サタン
サタン · サーターン · 悪魔
アブラハムの諸宗教における「対抗者」。ヘブライ語では定冠詞つきの普通名詞「告発者」であり、ヨブ記では神に仕える天の法廷の検察官であった。第二神殿期に独立した悪の勢力の長となり、新約で「この世の君」となる。イスラームでは天使でなくジンである。
解説
概要
サタンは、アブラハムの諸宗教における存在であり、人を罪あるいは偽りへ誘う。
ユダヤ教において、サタンは神に従属する働き手とみなされ、典型的にはイェツェル・ハラー(悪しき傾き)の比喩と解される。キリスト教とイスラームにおいては、通常、神に反逆した堕天使あるいはジンとみなされる。
本項は、この存在を人格の伝記としてではなく、「対抗者」という位置がどう変わったかの概念史として扱う。
語
ヘブライ語の「サーターン」は普通名詞であり、「敵対する者」「妨げる者」「告発者」を意味する。
定冠詞つき。 旧約聖書の大半の箇所において、この語は「ハ・サーターン」——定冠詞つき——で現れる。すなわち固有名詞ではなく、役職を指す。

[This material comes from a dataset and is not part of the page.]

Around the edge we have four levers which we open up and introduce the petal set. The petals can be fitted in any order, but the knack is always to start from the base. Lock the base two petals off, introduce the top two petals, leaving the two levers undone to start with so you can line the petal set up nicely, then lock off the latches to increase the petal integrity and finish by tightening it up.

人にも用いる。 『サムエル記上』29章4節では、ダビデが「戦いにおいて我らのサーターンとなる」と言われる。人間にも用いられる語である。
第一段階:ヨブ記の告発者
『ヨブ記』1〜2章において、ハ・サーターンは天の会議に列席する。
神に仕える。 神の前に現れ、地を巡ってきたと報告する。
検察官。 ヨブの信仰が利害によるものではないかと問い、神の許可を得てこれを試す。
神の許可の下で働く。 独自の権能を持たない。神が許した範囲でのみ行動する。
悪の君主ではない。 ここでのサーターンは、天の法廷における告発者である。神の敵ではない。
『ゼカリヤ書』3章、『歴代誌上』21章も同様である。
第二段階:第二神殿期の分離
前2世紀以降の文書において、この位置が変わる。
マステマ。 『ヨベル書』において、マステマが悪しき霊の長として現れ、神から一定の独立を得る。
ベリアル。 死海文書において、ベリアルが光の子らと戦う闇の勢力の長となる。
二元論。 ゾロアスター教の影響を指摘する説がある。アンラ・マンユのような、神に対抗する独立した悪の原理という構図である。
告発者から敵へ。 神に仕える検察官が、神に敵対する勢力の長になる。
第三段階:新約と「この世の君」
新約聖書において、サタンは明確な敵対者である。
荒野の誘惑。 イエスを試み、世界の王国を与えると申し出る。
この世の君。 『ヨハネによる福音書』は、サタンを「この世の君」と呼ぶ。
黙示録。 竜、古い蛇、悪魔、サタンが同一視され、最後に投げ込まれる。
堕天使の物語。 ただし「天から堕ちた」という物語は、新約聖書に明示されない。教父の解釈とルシファーの伝承によって形成された。
第四段階:イスラームのシャイターン
イスラームにおいて、シャイターン(複数形シャヤーティーン)は誘惑する存在の総称である。
イブリース。 その長はイブリースであり、天使ではなくジンである。
火から作られた。 天使が光から、人が土から、ジンが火から作られたとされる。
跪拝の拒否。 イブリースの堕落は、アダムへの跪拝を拒んだことによる。「私は彼より優れている。私は火から、彼は土から作られた」
理由が異なる。 キリスト教では神への反逆、イスラームでは人への跪拝の拒否である。何を拒んだかが異なる。
図像と象徴
本サイトが掲げるのは、『ギガス写本』(13世紀)の悪魔の図である。
角と蹄。 角、蹄、尾を持つ姿は中世に定着した。パーン、ファウヌスなど異教の神の図像が転用されたとする説がある。
関わる神格・伝承
ベリアル、ベルゼブブ、ルシファーと同一視される。イブリースに対応。
文化的足跡
ミルトン『失楽園』(1667年)のサタンは、堂々たる反逆者として描かれた。ロマン主義以降、この人物像が悪魔の理解を大きく規定した。
なおユダヤ教・キリスト教・イスラームは今日も信仰されている生きた宗教であり、本項の記述はその伝承と観念の歴史に関する学術的な整理である。